(Beginning of Extracted material)

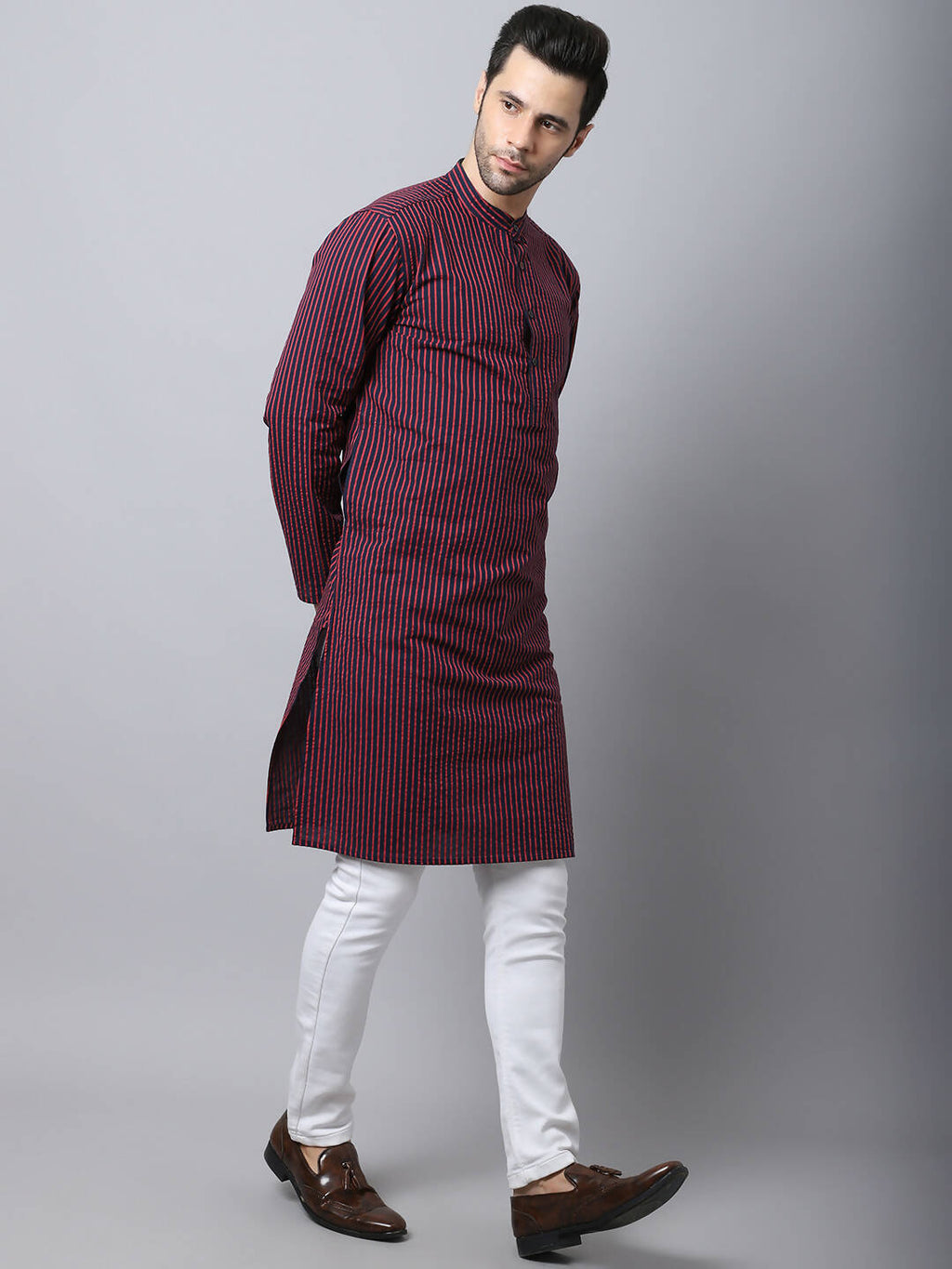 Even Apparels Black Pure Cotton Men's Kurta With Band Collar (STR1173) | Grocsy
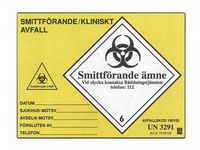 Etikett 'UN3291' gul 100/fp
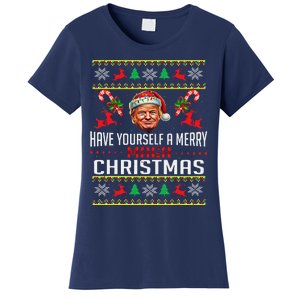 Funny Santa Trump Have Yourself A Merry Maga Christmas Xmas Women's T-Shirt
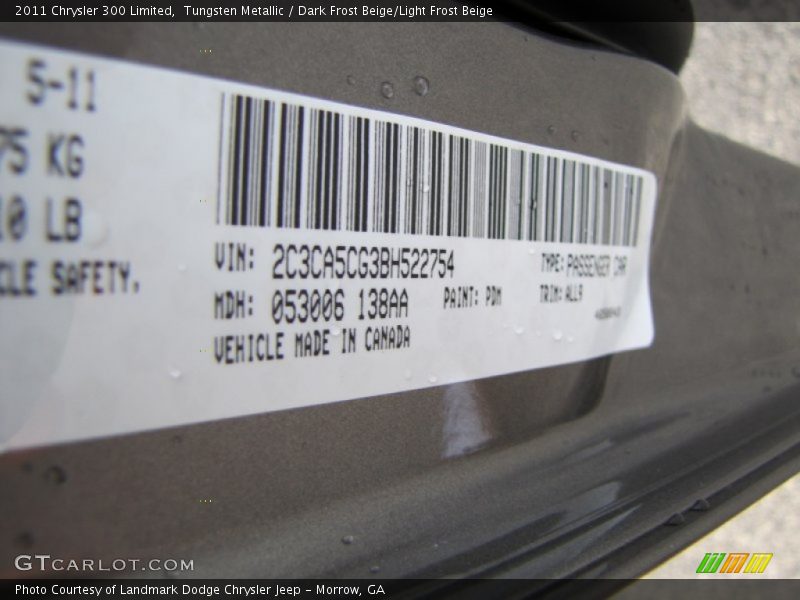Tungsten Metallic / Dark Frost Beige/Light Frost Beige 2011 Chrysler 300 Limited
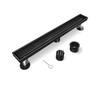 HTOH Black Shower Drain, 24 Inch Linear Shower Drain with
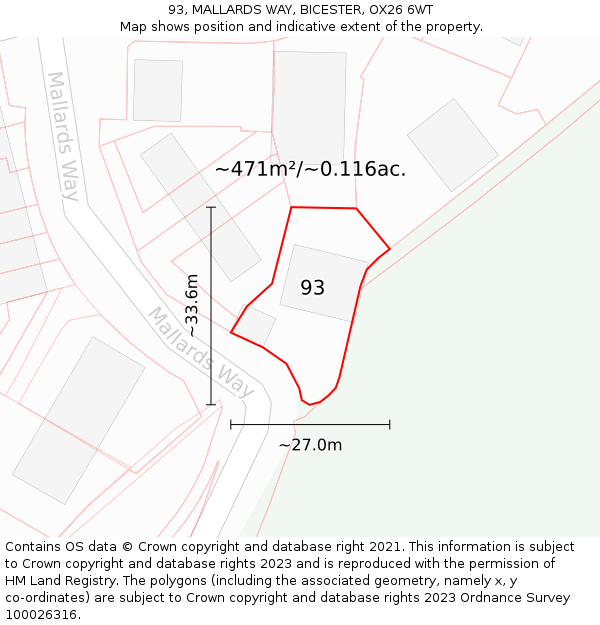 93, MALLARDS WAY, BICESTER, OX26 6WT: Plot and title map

(End of Extracted material)

**About this task:** The output must match, line for line, the span from the line containing "HTOH Black Shower" through the end of the data, with the pictures removed.

**Output for this task:**
 HTOH Black Shower Drain, 24 Inch Linear Shower Drain with
 93, MALLARDS WAY, BICESTER, OX26 6WT: Plot and title map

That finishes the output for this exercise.